#kubernetes (2018-11)
Archive: https://archive.sweetops.com/kubernetes/
2018-11-04
hi all, what are you opinion on different networking option in kubernetes on aws. Which is more preferred and felt robust. We did tried with aws-vpc-cni but felt that its not stable enough even with 1.1.0 for kuberntes 1.10.6. This becomes more unstable when all your worker nodes are unstable and started giving exception as sandox ip changed etc..
we then switched to calico, but somehow its observed that its impacting the way pods terminate.

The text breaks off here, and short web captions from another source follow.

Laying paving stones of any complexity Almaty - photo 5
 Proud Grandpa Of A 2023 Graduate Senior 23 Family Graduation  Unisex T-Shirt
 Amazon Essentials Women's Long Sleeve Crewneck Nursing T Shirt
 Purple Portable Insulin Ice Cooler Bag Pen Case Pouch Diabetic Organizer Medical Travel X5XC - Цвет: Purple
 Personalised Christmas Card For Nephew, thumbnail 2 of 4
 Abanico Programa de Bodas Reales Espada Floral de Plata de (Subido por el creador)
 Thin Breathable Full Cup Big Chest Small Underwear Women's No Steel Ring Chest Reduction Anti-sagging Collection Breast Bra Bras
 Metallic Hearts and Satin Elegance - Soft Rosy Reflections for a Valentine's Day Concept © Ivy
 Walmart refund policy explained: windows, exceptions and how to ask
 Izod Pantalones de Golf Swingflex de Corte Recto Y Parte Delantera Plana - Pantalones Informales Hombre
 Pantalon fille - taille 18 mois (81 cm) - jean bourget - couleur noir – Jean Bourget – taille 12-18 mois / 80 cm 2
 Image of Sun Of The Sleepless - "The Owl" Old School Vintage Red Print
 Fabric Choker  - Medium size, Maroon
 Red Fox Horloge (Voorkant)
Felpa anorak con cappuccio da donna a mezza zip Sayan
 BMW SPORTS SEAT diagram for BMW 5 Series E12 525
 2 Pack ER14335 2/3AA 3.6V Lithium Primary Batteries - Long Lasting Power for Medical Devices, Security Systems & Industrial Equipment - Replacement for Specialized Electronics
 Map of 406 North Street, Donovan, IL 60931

If we delete a deployment, pods remain in terminating state for 5+ minutes.
The pods stuck in a terminating state is a very frequently observed problem. Could it be related to the network layer? Maybe - but I would explore other possibilities. To me the network culprit seems like a red herring.
Lots of posts/issues on it. Usually related to zombies.
2018-11-06
@rohit.verma we saw something like that with some of k8s pods, in particular kiam
- when deleted, the pods take many minutes to terminate
so maybe it’s an issue with some deployments, not the network itself?
But the pods I am referring here is generic like nginx or spring boot app
Anyways more concerned about a general opinion on different kubernetes networks
We haven’t had the opportunity to explore/optimize the network layer in k8s
Also are you familiar with the dumb-init “fix” ?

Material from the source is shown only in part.